> _Assignment_
Excluding pictures, retype exactly the lines from the one with "Ranch-style home with" through the end of the records that follow.

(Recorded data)
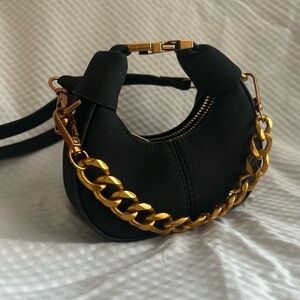 Chic Black Handbag with Gold Chain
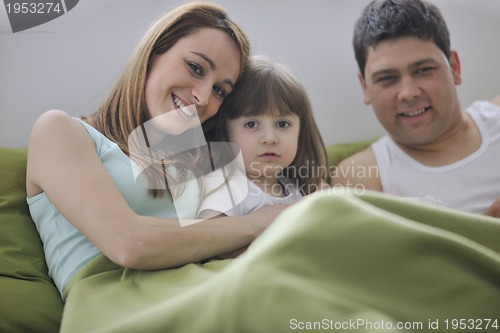 Image of happy family relaxing in bed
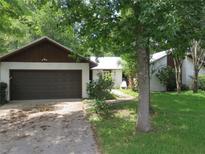 Ranch-style home with attached garage and mature landscaping at 1536 Se 43 Ter, Ocala, FL 34471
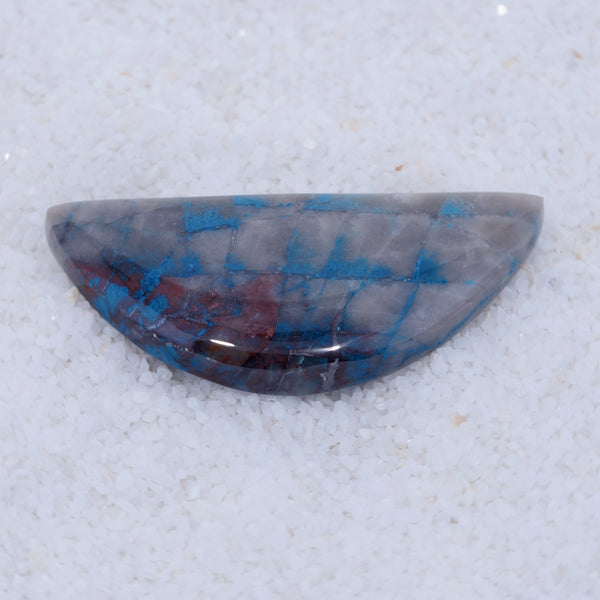 Half-shaped stone with blue and red patterns on a white background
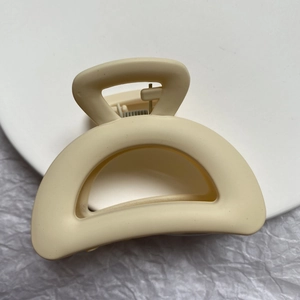 Close-up of matte beige geometric hair claw clip with internal metal spring mechanism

> _Completed exercise_
 Ranch-style home with attached garage and mature landscaping at 1536 Se 43 Ter, Ocala, FL 34471
 Half-shaped stone with blue and red patterns on a white background
 Close-up of matte beige geometric hair claw clip with internal metal spring mechanism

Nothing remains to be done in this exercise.